Banking Reform Must Start With A Bankruptcy Reorganization!
October 27, 2009 • 6:28AM

As the global financial system continues to disintegrate, the issue of regulatory reform is increasingly coming to the fore. Some of the people pushing for reform are serious about correcting abuses, while others are trying to hijack the reform process to actually prevent needed reforms. But even the most honest efforts at reform will be wasted unless that reform is preceded by putting the global monetary system through bankruptcy reorganization, and writing off speculative debts and bets. Any attempt to implement reforms within the present system is doomed to failure.

The Obama Administration and the House leadership are reportedly working on a bill that would make it easier for the government to seize control of failing systemically important financial institutions. The bill would, according to a report in today's New York Times, "make it easier for the government to seize control of troubled financial institutions, throw out management, wipe out the shareholders, and change the terms of existing loans held by the institution." The bill would also set up "the equivalent of living wills for corporations," by having them put together plans for their own dissolution in times of trouble.

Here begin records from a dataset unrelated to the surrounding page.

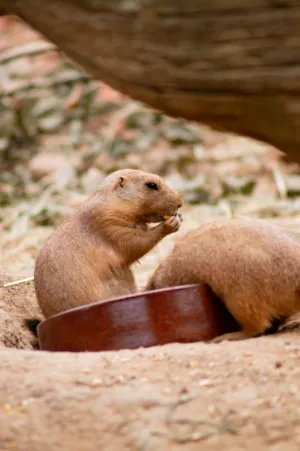 Black-Tailed Prairie Dog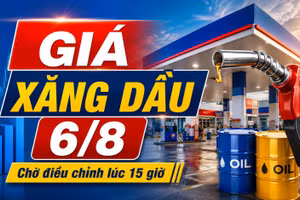 Giá xăng dầu hôm nay 6/8/2026: Chờ điều chỉnh mới lúc 15 giờ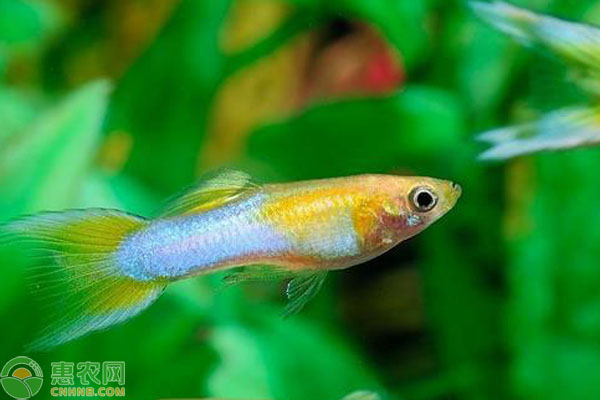 孔雀鱼难产有什么办法催产？-图片版权归惠农网所有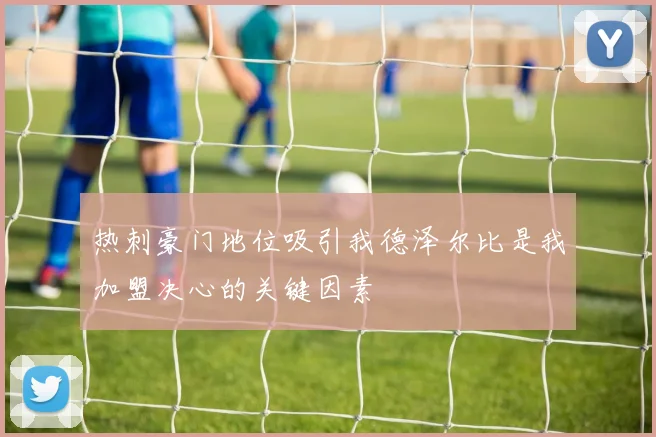 热刺豪门地位吸引我德泽尔比是我加盟决心的关键因素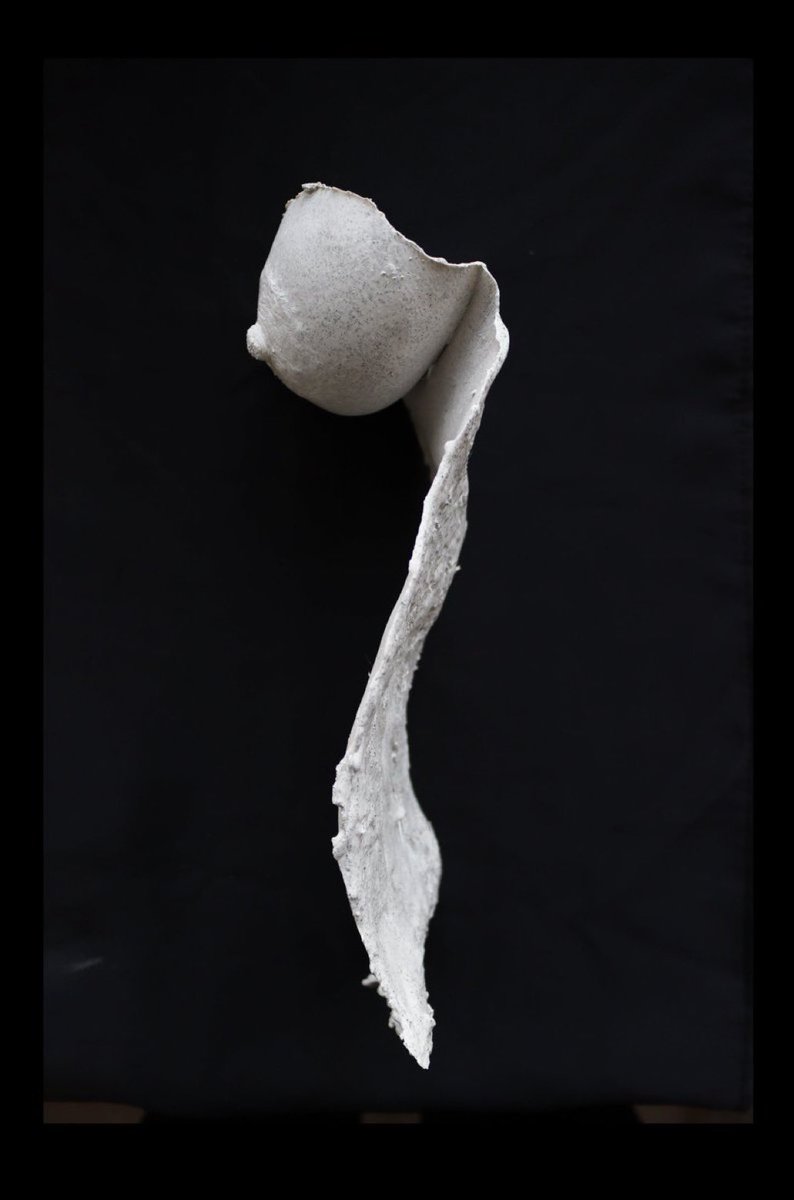 NFTCritica's tweet image. Moments in time 

1. @NoortjeStorteld 
2. @studio_brasch 

#NFTCuration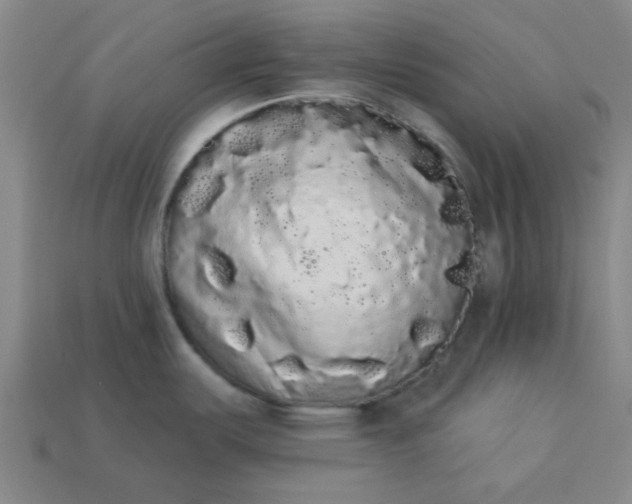 X0000113981487200910161611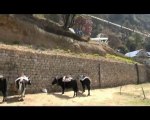 part 001 from kathmandu to lukla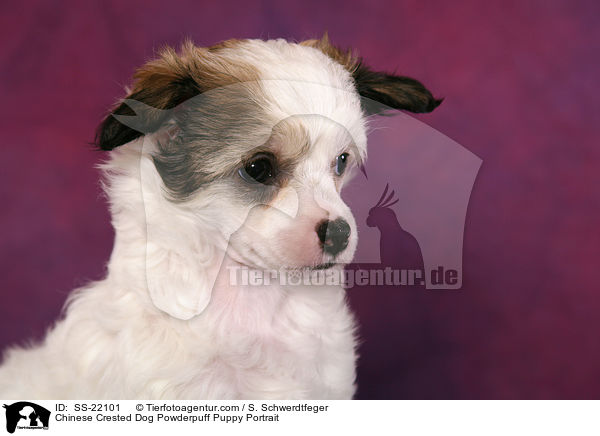 Chinese Crested Dog Powderpuff Welpe / Chinese Crested Dog Powderpuff Puppy / SS-22101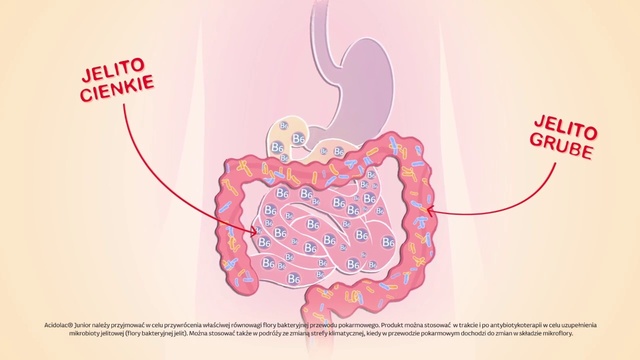 Video Reference: Text, Organ, Illustration, Organism, Human body, Font, Heart, Art, Heart, Graphics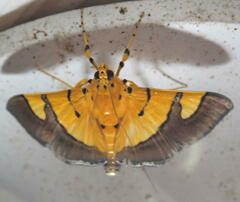 Endocrossis flavibasalis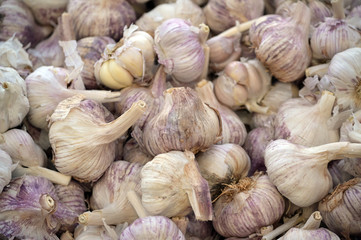 A heap of fresh harvest garlic on a market in Spain.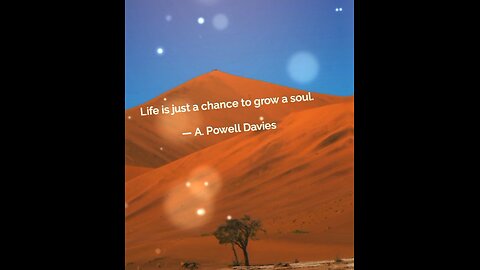 Your Qoute For A Day 143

We agree that the government should seize control of failing institutions, but doing it one institution at a time is a prescription for failure, because it is the system that failed, and any solution must deal with that reality. The one bank at a time game would actually play into the hands of the financial oligarchy, allowing the parasites to consolidate the banking system into ever fewer hands—theirs!

The volume of calls for the re-implementation of Glass-Steagall is also growing, something we heartily endorse. The repeal of Glass-Steagall in 1999, which only legalized activities in which certain banks were already engaged, opened the floodgates for unrestrained speculation which destroyed not only the banks which engaged in that speculation, but destroyed the global economy. Going back to a system in which commercial banks are prohibited from engaging in the securities business is an essential step to restoring sanity.

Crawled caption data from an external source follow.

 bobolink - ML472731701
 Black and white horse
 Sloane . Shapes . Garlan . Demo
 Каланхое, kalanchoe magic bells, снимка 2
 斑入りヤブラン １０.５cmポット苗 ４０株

However, not everyone who is calling for a return to Glass-Steagall is doing so honestly. Perhaps the best example of that is Mervyn King, the Governor of the Bank of England. In a speech to Scottish businessmen in Edinburgh Oct. 20, King stated that the "utility aspects of banking" should be separated "from those that can safely be left to the discipline of the market." That is, functions associated with depository institutions should be separated "from some of the riskier financial activities that banks undertake." King stated that such a separation might be the only alternative to "ever increasingly detailed regulatory oversight," which the Bank of England clearly wants to avoid. King closed his speech by asserting that "we can turn this crisis to our long-run advantage" so that "our varied and internationally competitive financial services industry will thrive."

The Bank of England is one of the nastiest institutions on the planet, acting as the flagship of the global central-banking system. King's speech is a skillful bit of Delphic sophistry, pretending to support reform while actually trying to defeat it. The concession he makes in the direction of Glass-Steagall is done out of the fear that serious actions might be taken which would weaken the ability of the empire to loot the planet. If you can't beat them, pretend to join them and lead them astray—that's the historic method of Perfidious Albion.

The only chance we have to avoid a new Dark Age is to implement the full LaRouche Plan, beginning with putting the banking system into bankruptcy protection, and reorganizing it under strict control. That means forcing commercial banks and thrifts to adhere to Glass-Steagall standards, eliminating derivatives entirely, and writing off the speculative debts which are choking our people. It also means breaking the power of the Bank of England and the Brutish Empire. Anything less will fail, and failure at this point is not an option. The bankruptcy reorganization is the line in the sand; on one side is victory, on the other, defeat.